_Prompt_. Write out the line with "Hook Cliparts - Hook Vector (256x524)" and every later line through the end of the data below, exactly as given, with no pictures in the copy.
== Data records ==
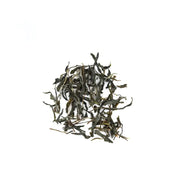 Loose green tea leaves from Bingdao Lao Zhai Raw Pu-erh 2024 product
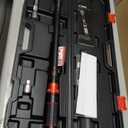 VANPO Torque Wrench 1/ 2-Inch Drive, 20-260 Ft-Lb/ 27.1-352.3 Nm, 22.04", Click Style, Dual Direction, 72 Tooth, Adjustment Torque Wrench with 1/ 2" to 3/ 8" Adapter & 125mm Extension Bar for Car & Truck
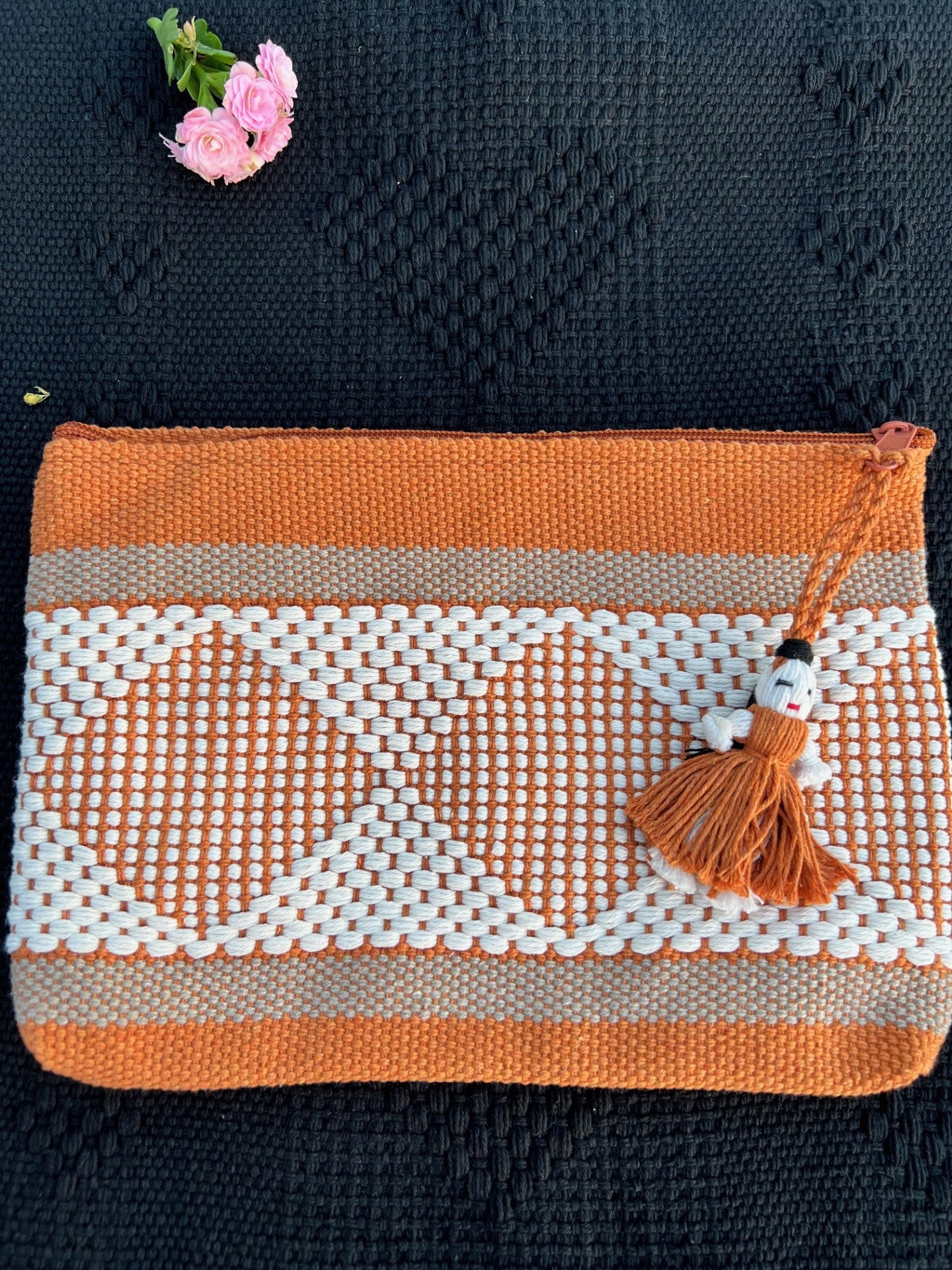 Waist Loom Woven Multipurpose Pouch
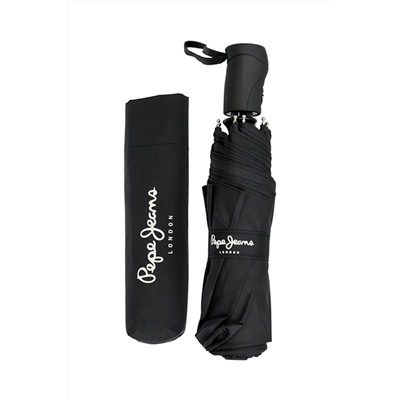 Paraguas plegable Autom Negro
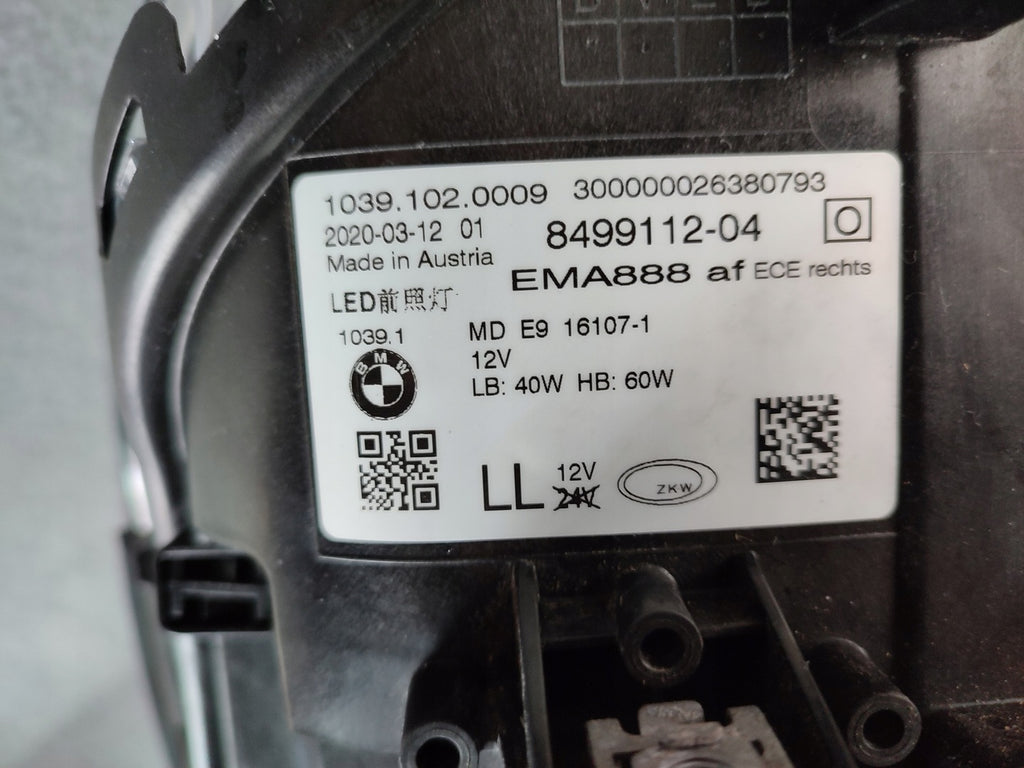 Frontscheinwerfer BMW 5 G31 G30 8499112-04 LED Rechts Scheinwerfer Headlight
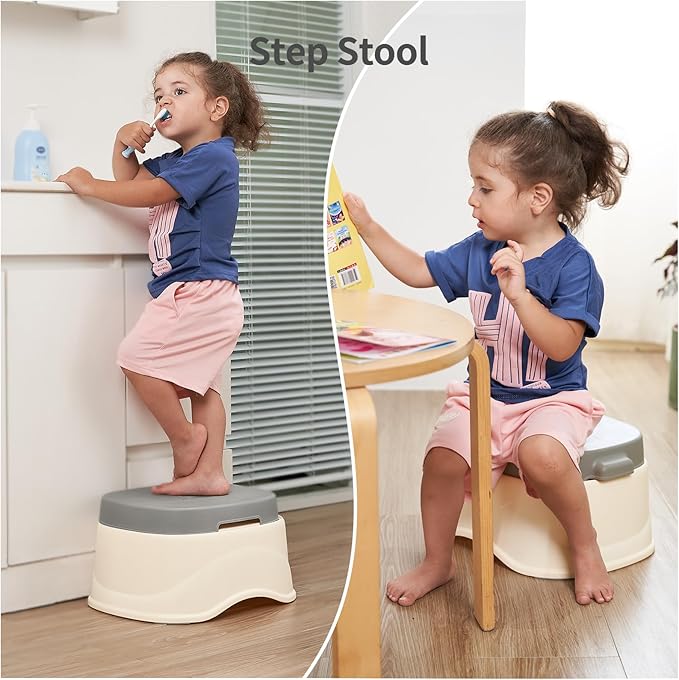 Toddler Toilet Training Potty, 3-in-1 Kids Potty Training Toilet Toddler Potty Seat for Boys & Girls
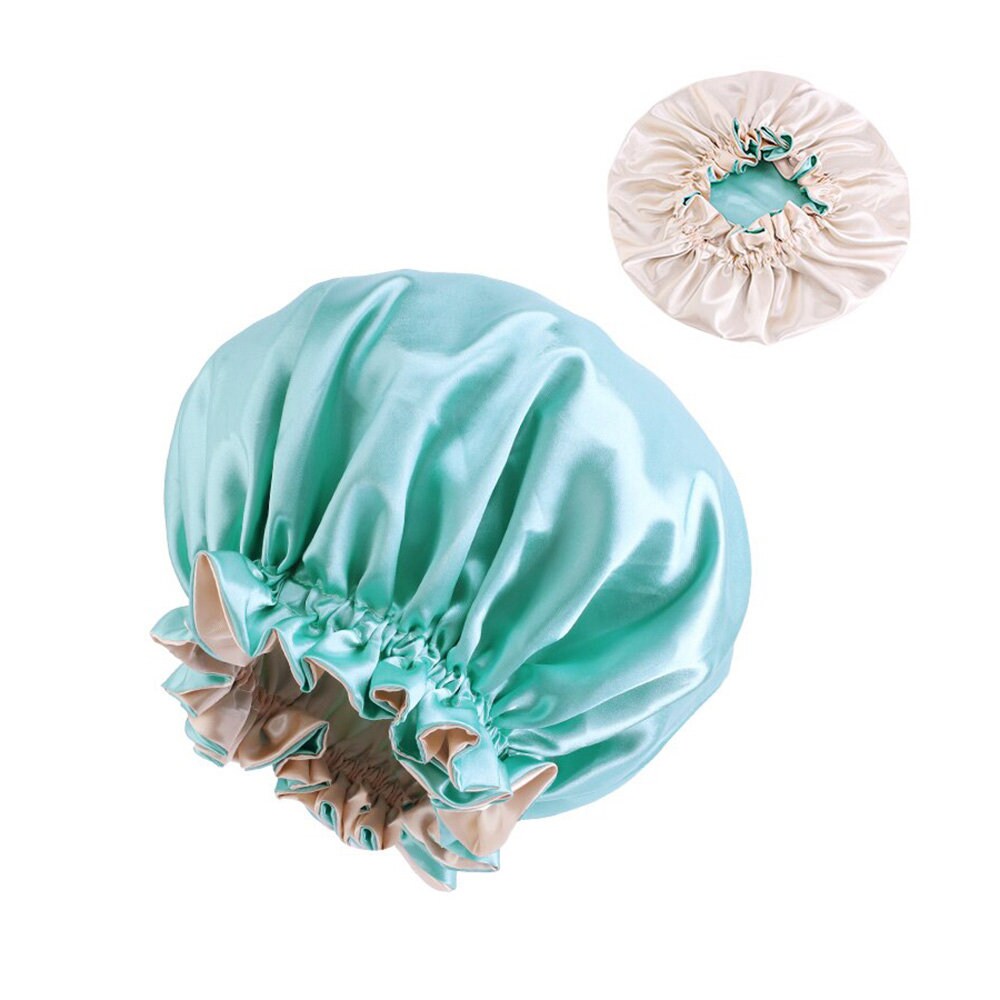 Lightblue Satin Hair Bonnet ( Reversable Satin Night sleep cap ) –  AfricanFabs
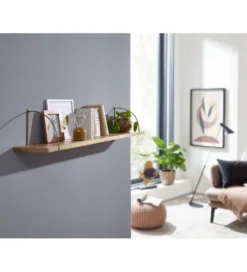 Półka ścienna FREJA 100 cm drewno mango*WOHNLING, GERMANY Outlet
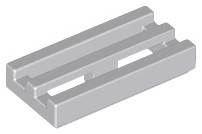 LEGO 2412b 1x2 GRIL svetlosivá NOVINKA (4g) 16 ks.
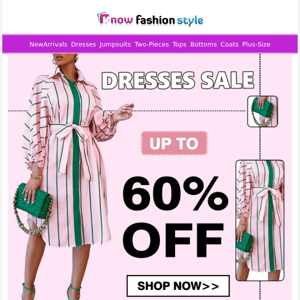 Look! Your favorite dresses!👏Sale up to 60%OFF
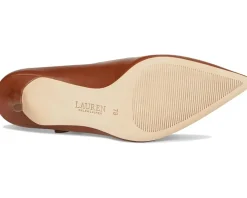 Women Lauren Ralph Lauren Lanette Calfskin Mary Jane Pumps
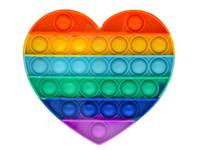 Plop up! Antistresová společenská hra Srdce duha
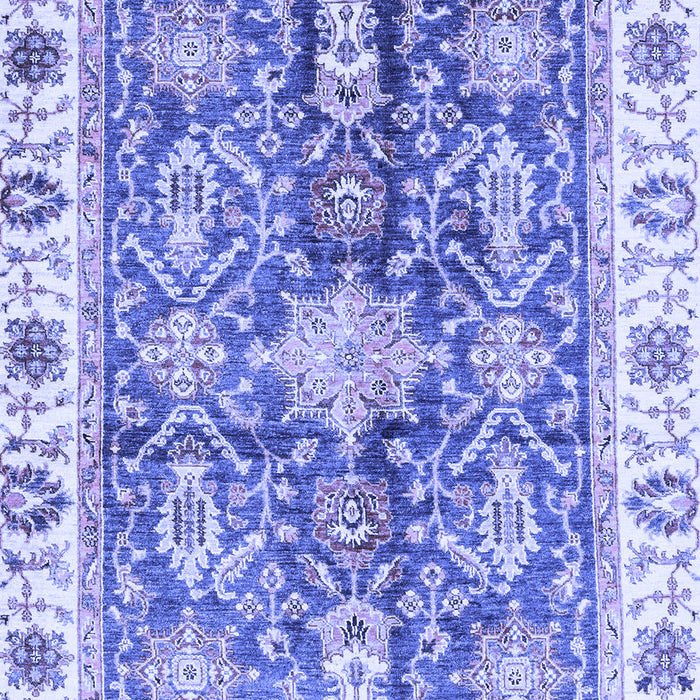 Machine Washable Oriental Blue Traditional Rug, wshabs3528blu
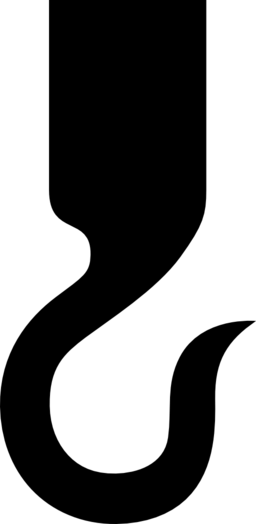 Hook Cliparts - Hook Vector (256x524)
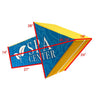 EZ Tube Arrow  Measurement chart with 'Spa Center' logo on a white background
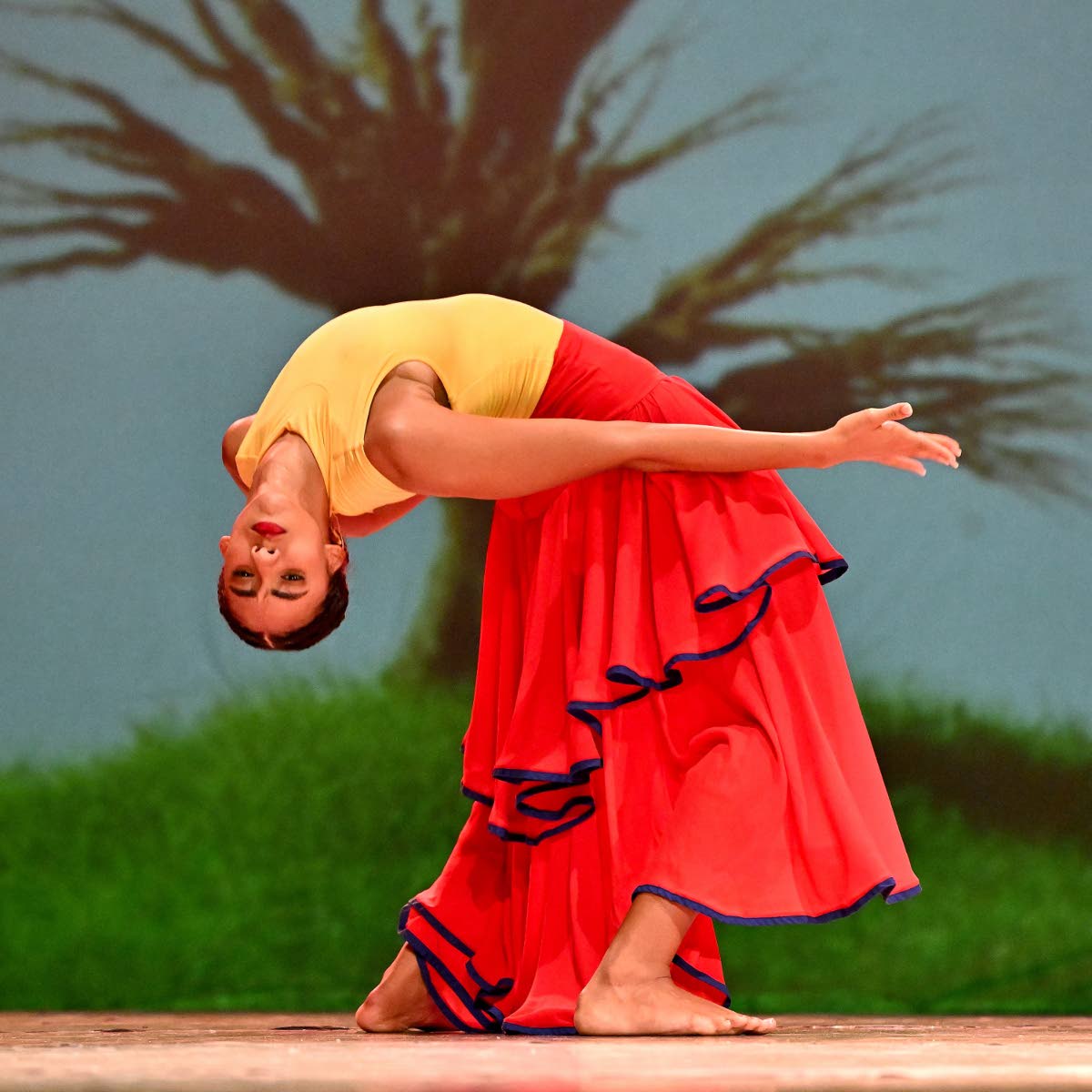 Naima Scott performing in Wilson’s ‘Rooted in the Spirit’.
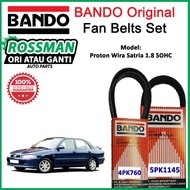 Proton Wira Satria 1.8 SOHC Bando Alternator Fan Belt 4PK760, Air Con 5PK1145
===
_Solution for this problem_.
 Hook Cliparts - Hook Vector (256x524)
 EZ Tube Arrow  Measurement chart with 'Spa Center' logo on a white background
 Naima Scott performing in Wilson’s ‘Rooted in the Spirit’.
 Proton Wira Satria 1.8 SOHC Bando Alternator Fan Belt 4PK760, Air Con 5PK1145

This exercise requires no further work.